I can make you a better maths teacher in ten seconds. It doesn’t matter what age group you teach or how your school organises its teaching groups. You won’t need any special training and or any equipment, any electronic wizardry, any textbooks or software.
Better still, you can do the same and make all of your colleagues better maths teachers in the same time, and your school won’t have to pay a consultant a thousand pounds to do it.
It’s widely quoted that teachers typically expect an answer to a question in 0.9 seconds. What kind of considered response can you give in less than a second? For many children the most likely reaction is panic.
On the other hand, if you give children some thinking time then they’re got the chance to assess the question and frame a suitable response. So the strategy I’ll offer you is that all you need to do is to count to ten before you accept an answer to any question.

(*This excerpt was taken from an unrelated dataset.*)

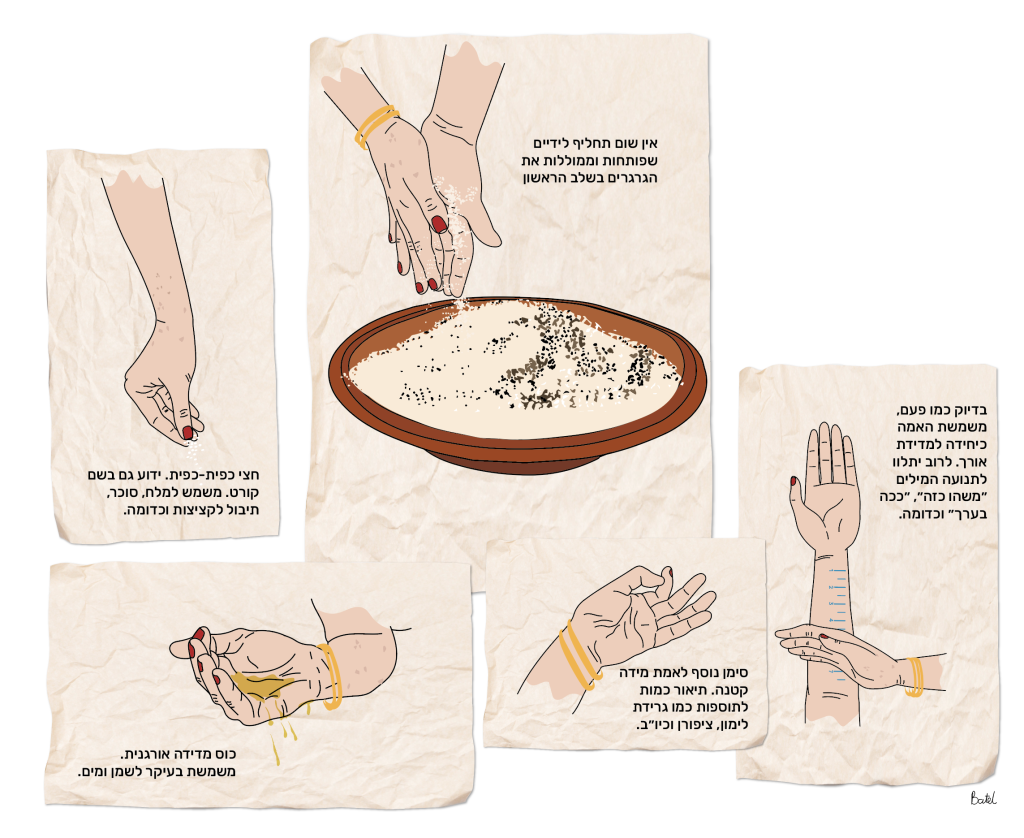 איור: בת־אל בן־חורין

Whether or not this is spelt out explicitly doesn’t worry me one bit; the point is you’re giving children a little bit of time to think about the answer they’re going to give you. At one session one teacher was rather sceptical that such a simple technique could have any significant effect, but she agreed a little reluctantly to give it a try. A couple of weeks later I had an e-mail: “I have been amazed how helpful it is to wait ten seconds before asking children to answer questions, so simple, yet effective.”
Share this technique with your colleagues and you’ve already earned your consultancy fee, but you can certainly take things further. Are there questions which genuinely do merit an instant response? And what does a 30-minute question look like?